Midea Group, which sells air conditioners, washing machines, elevators and different shopper merchandise, in September clinched the town’s largest itemizing since early 2021. Its shares listed in Hong Kong have jumped over 36% from its supply value, as buyers stay hopeful of its place to learn from Beijing’s “trade-in program,” aimed toward encouraging customers and companies to improve current home equipment and tools.
There have been 90 IPO functions pending itemizing or beneath processing as of Nov. 29 based on the change’s web site.
Whereas the town might even see a extra energetic IPO pipeline in 2025, it’s prone to be a “gradual restoration” quite than a “V-shaped” one, mentioned John Lee, vice chairman and co-head of Asia nation protection at UBS international banking Asia.
To date this 12 months, mainland buyers have purchased $96.4 billion value of Hong Kong shares, surpassing final 12 months’s whole of $42 billion and heading in the direction of the largest 12 months since a $87 billion shopping for spree in 2020, based on information from Goldman Sachs.
“There’s additionally a return of international long-only [funds] to China [and] Hong Kong equities, although the tempo is gradual,” mentioned Perris Lee, head of APAC fairness capital market at Ion Analytics.
‘Not a Santa rally’
Not all new listed shares have traded properly.
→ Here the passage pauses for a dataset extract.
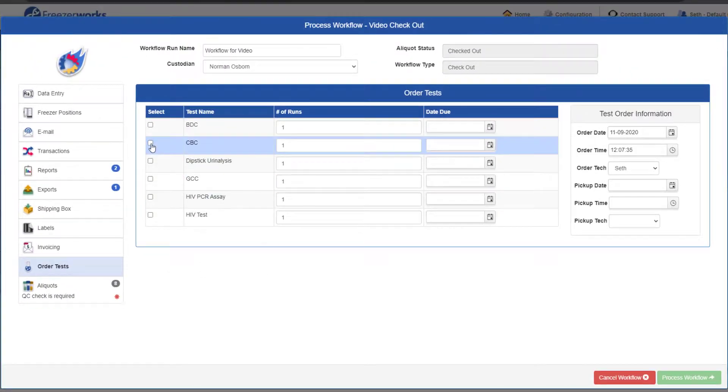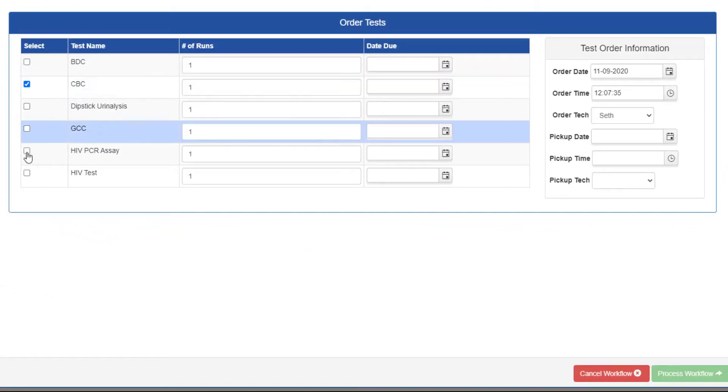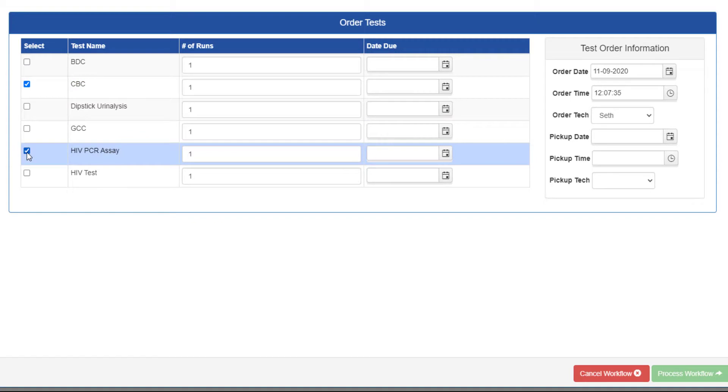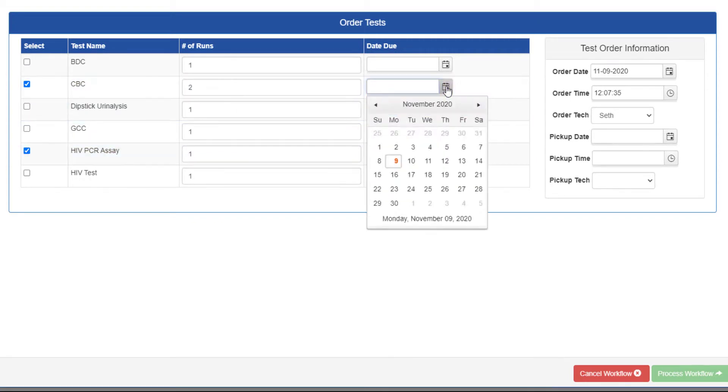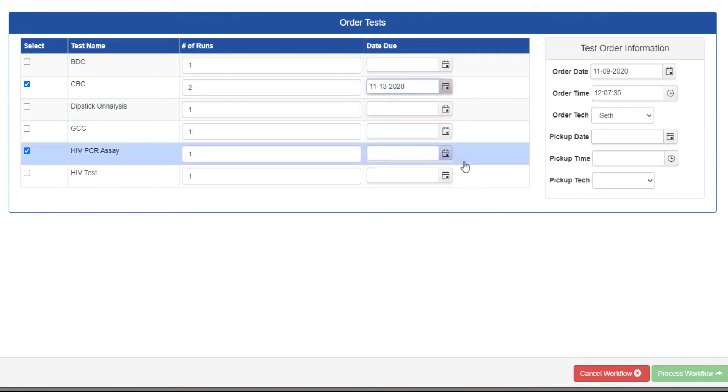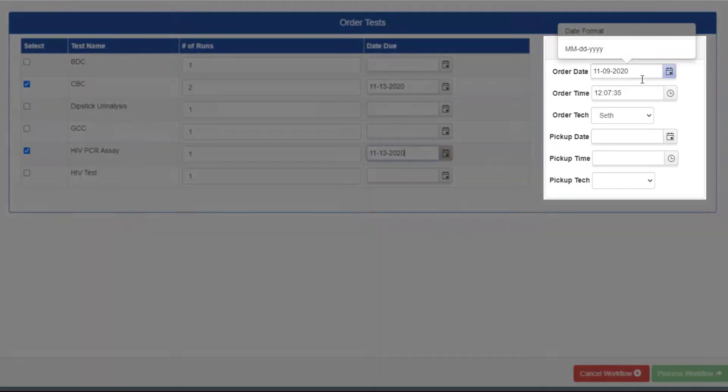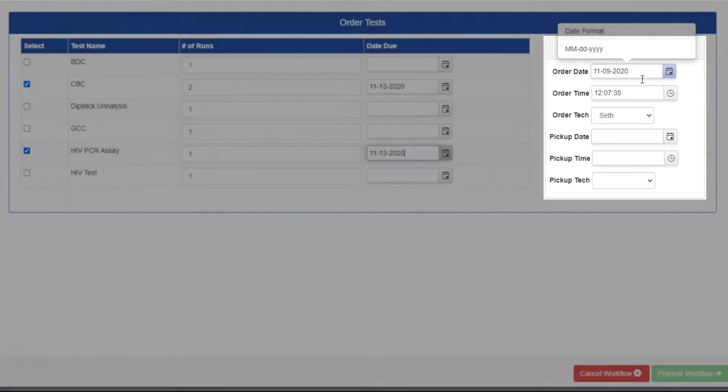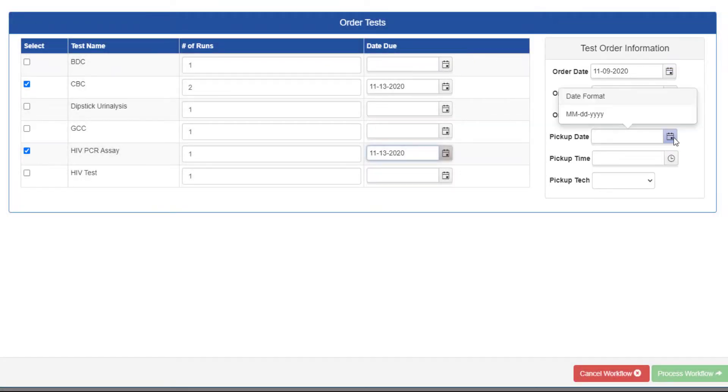For order tests, you can select the tests you want ordered as well as enter a number of runs and date due. You also have the ability to edit the order and pickup date, time, and tech fields. The order info will be prefilled with the current date, time, and user, but it's still modifiable.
Chinese language autonomous driving agency Horizon Robotics and bottled water maker China Sources Beverage —the 2 largest IPO offers within the metropolis this 12 months — noticed their shares decline by 12% and 11%, respectively, as of Wednesday from supply value ranges.
Traders must see “concrete proof of stimulus coverage effectiveness”, Shanghai Chongyang’s Wang mentioned. He expects some enchancment in sentiment early into the second quarter subsequent 12 months when the general public corporations begin releasing earnings.
The benchmark Cling Seng Index is heading for its first annual achieve after 4 straight years of declines, surging over 16% to this point this 12 months.
Cling Seng Index
That mentioned, the rally, fueled by Beijing’s huge stimulus package deal in late September has misplaced a few of its momentum.
Wanting forward, China Renaissance’s Maynard mentioned that whereas the Hong Kong inventory market could have turned the nook, he didn’t see “any prospect of a Santa rally.” The market remained “trapped and range-bound” as Beijing’s stimulus bulletins since September have underwhelmed.